I have tried to write a simple for loop to do that but failed. When I run the python file, it runs 2 seconds and stop.

user5779223
  • 1,460
  • 3
  • 21
  • 42
  • 1
    What exactly makes it impossible to write a simple `for` loop? Just don't load the entire file into memory. Anyways, this has been done a million times, let me look for a duplicate. – Nelewout Jan 12 '16 at 16:51
  • @N.Wouda how can I do that? – user5779223 Jan 12 '16 at 16:51
  • @N.Wouda Thank you so much. – user5779223 Jan 12 '16 at 16:53
  • 2
    I've flagged too much today, but [this](http://stackoverflow.com/questions/11555468/how-should-i-read-a-file-line-by-line-in-python) is pretty much a duplicate. – Nelewout Jan 12 '16 at 16:55
  • @N.Wouda I used this all the time but it is quite slow when the dataset is bigger than normal – user5779223 Jan 12 '16 at 17:04
  • I am curious how "a" could be so big, there are only 26 letters in the alphabet, What is missing here – PyNEwbie Jan 12 '16 at 17:05
  • Well, you are reading lots of data from the filesystem, so you really cannot expect great performance (disk IO is just slow). – Nelewout Jan 12 '16 at 17:06
  • @PyNEwbie the first column of `a.txt` probably does not contain unique values (so there will be many entries of `a`, `g` etc.). It's just a record. – Nelewout Jan 12 '16 at 17:06
  • So then what is the output supposed to be, this is easy if there are only 26 keys, it is actually very trivial. We could process one set of keys at a time open a, consume only the lines that have a-g,, open b consume only lines that have a-g, etc. but then the output is uncertain, I am confused, if they are not in order and a is a key multiple times how do I know I have 20 apples? – PyNEwbie Jan 12 '16 at 17:09
  • @PyNEwbie open `b.txt`, build the mapping required for `a.txt` as a dictionary, then process `a.txt` line-by-line and write the mapped values to `c.txt`. Want to earn some simple rep and put this into an answer? I cannot be bothered, as this really should be closed as a dupe. – Nelewout Jan 12 '16 at 17:12
  • @PyNEwbie Actually, that is not exactly the situation is. I simplify the case for convenience. There are unique strings of the items in a.txt and another set of unique strings in b.txt. – user5779223 Jan 12 '16 at 17:14
  • I think there is still some confusion about what the op wants. so in a we have a_20, but we also have a_n, if the keys are not ordered the same across a & b, what determines the assignment, it it first to first, if so it is still trivial. I think this question needs some more detail – PyNEwbie Jan 12 '16 at 17:15
  • so the question is are the "keys' unique - is there only one value for "zsd" in a and one for zsd in b? – PyNEwbie Jan 12 '16 at 17:16
  • @PyNEwbie Ignore the fact that there are just 26 alphabets. The key and value are one-to-one and they are determined in the b.txt – user5779223 Jan 12 '16 at 17:30

2 Answers2

0

This can be done with dictionaries like so

mapping = {}
with open('b.txt') as f:
  for line in f:
    key, value = line.split()
    mapping[key] = value
with open('a.txt') as i:
  with open('c.txt', 'w') as o:
    for line in i:
      key, value = line.split()
      if key in mapping:
        print(value, mapping[key], file=o)

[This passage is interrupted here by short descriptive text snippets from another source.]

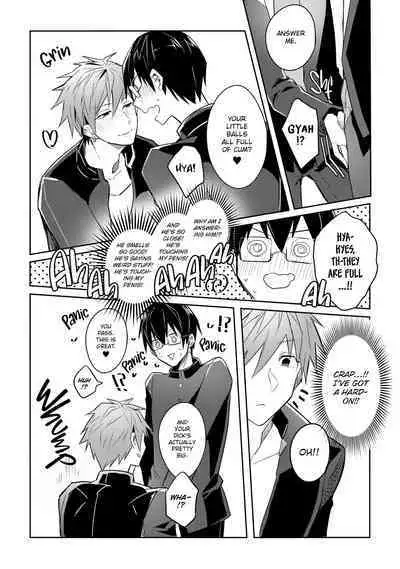 [Wacoco Waco] DolOta no Boku desu ga Shinken ni Idol Mezashimasu!? | Can an Otaku Like Me Really Be an Idol!? [English] [Decensored] [Digital]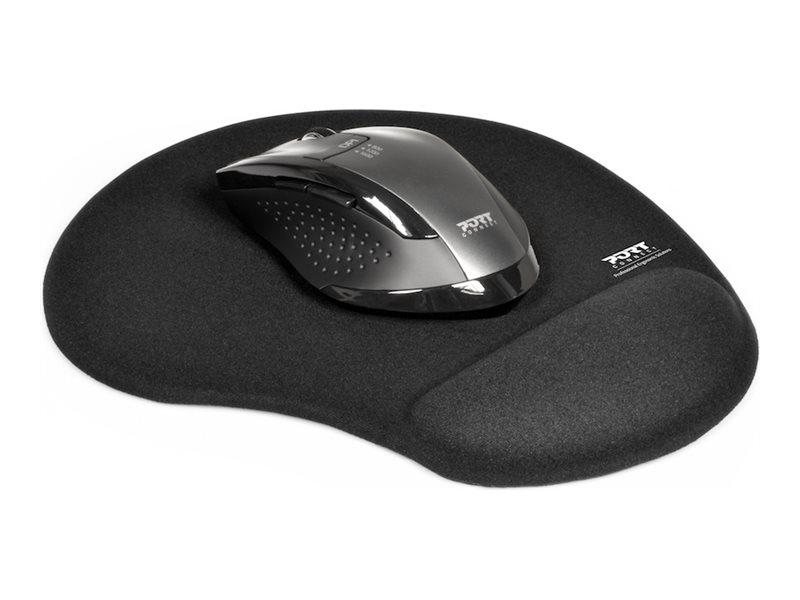 PORT CONNECT Mousepad Ergonomic Gel | PORT CONNECT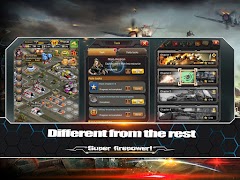 War Mission:Red Alert syot layar 2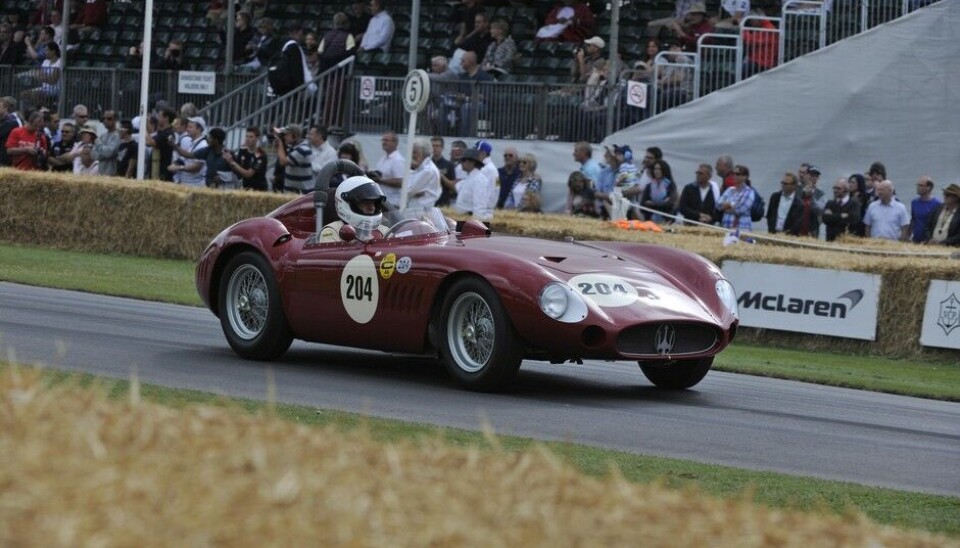 Goodwood Festival of Speed 2014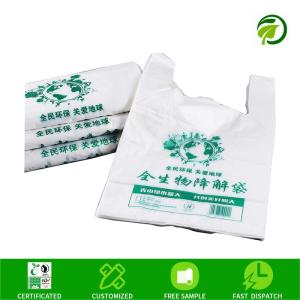 Wholesale standard vest: Takeaway Packaging Shopping Bag Factory Direct Sales Vest Bag Plastic Portable Vest Bag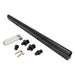 Proflow Intake Manifold Fuel Rail Kit, For Proflow Nissan RB30 Inlet Plenum, Aluminium, Black
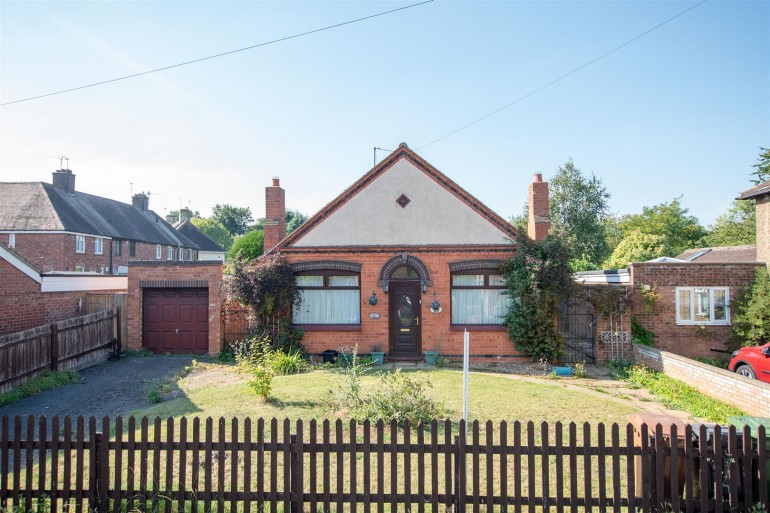 Roberts Street, Wellingborough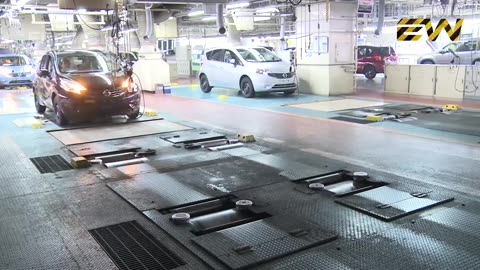 How Cars Are Made In Factories Mega Factories Video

So what if a.txt is 3GB? On a modern desktop computer this will still run very quickly

randomusername
  • 7,927
  • 23
  • 50
0

well to strictly answer your question, this will read in a.txt, line by line, scan b for a match, write it out, close b, read the next line in a.txt, open b again etc. This should only read one line in a at a time. I am inferring that there is a one-to-one non-ordered match.

def process(a,b,outpath):
    outref = open(outpath,'w')
    with open(a,'r') as fh:
        for line in fh:
            key,value = line.split()
            with open(b,'r') as fh_b:
                for b_line in fh_b:
                    bkey, bvalue = b_line.split()
                    if bkey == key:
                        outref.write(bvalue.strip() + ' ' + value.strip() + '\n')
                        continue
    outref.close()
    return 
PyNEwbie
  • 4,882
  • 4
  • 38
  • 86